(DATA FOR THIS EXERCISE Opens)
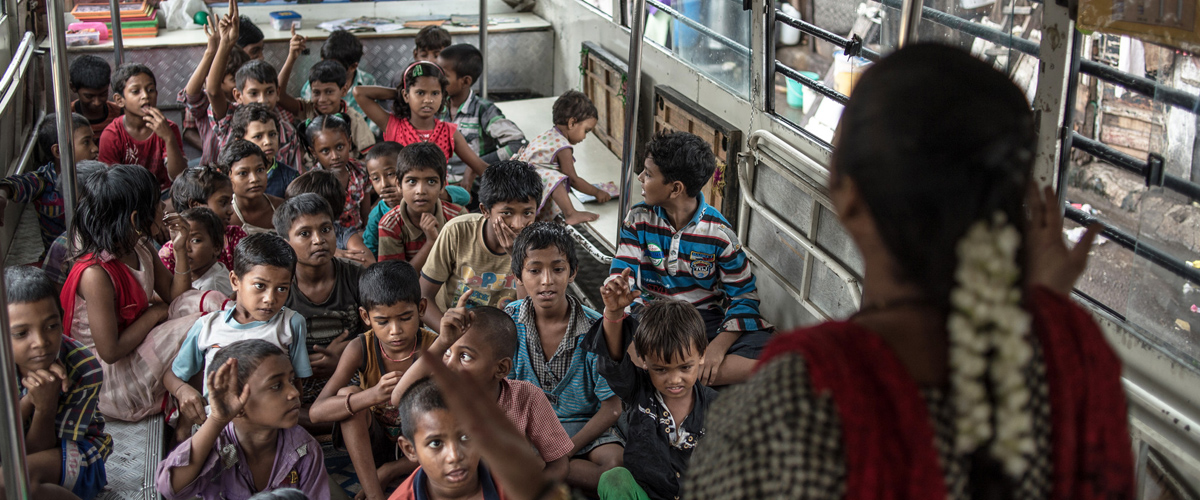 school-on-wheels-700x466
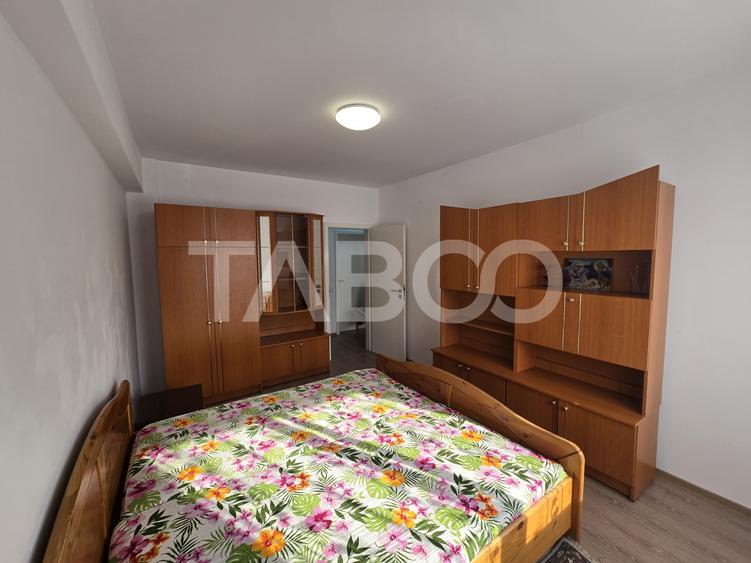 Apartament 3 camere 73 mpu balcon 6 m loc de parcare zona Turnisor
(DATA FOR THIS EXERCISE Closes)
(DATA FOR THIS EXERCISE Opens)
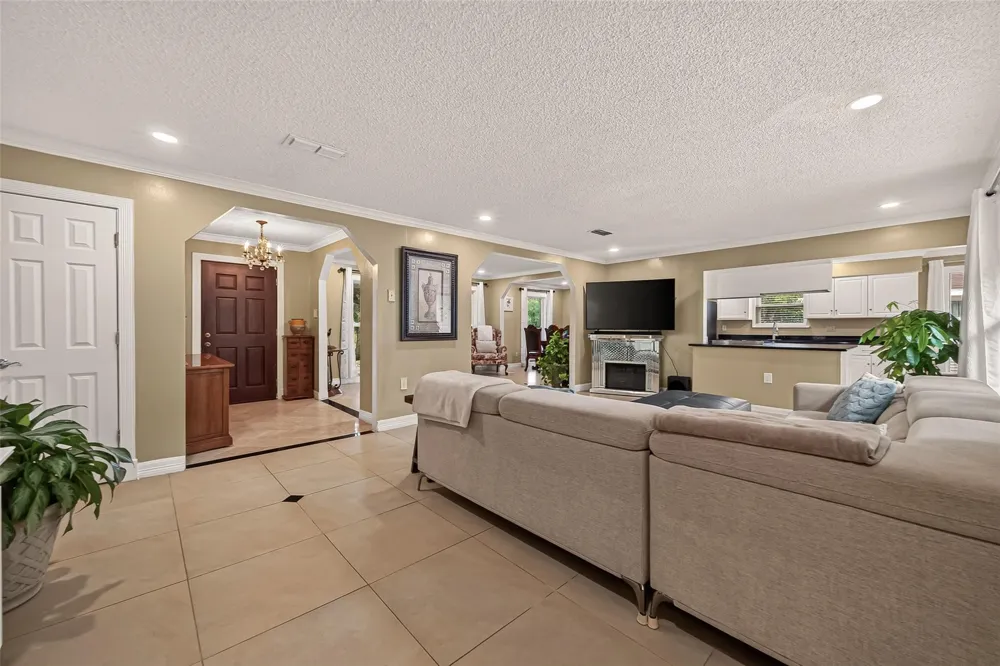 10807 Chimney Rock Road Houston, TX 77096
(DATA FOR THIS EXERCISE Closes)
(DATA FOR THIS EXERCISE Opens)
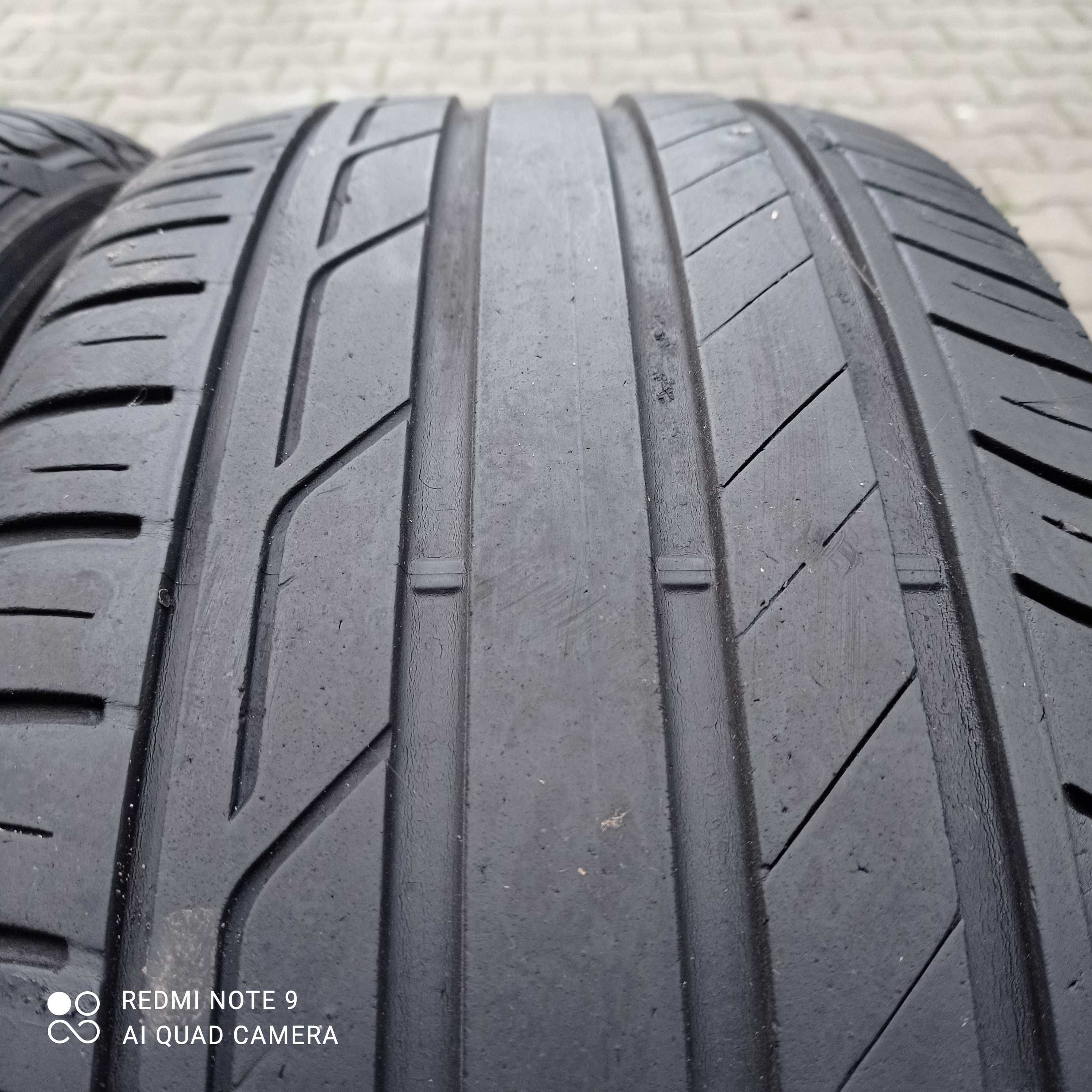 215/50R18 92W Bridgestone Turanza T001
(DATA FOR THIS EXERCISE Closes)
# PROBLEM:
Taking the entries above, extract every line from the one bearing "school-on-wheels-700x466" through the one bearing "Apartament 3 camere", exactly, with no pictures.

# REPLY:
 school-on-wheels-700x466
 Apartament 3 camere 73 mpu balcon 6 m loc de parcare zona Turnisor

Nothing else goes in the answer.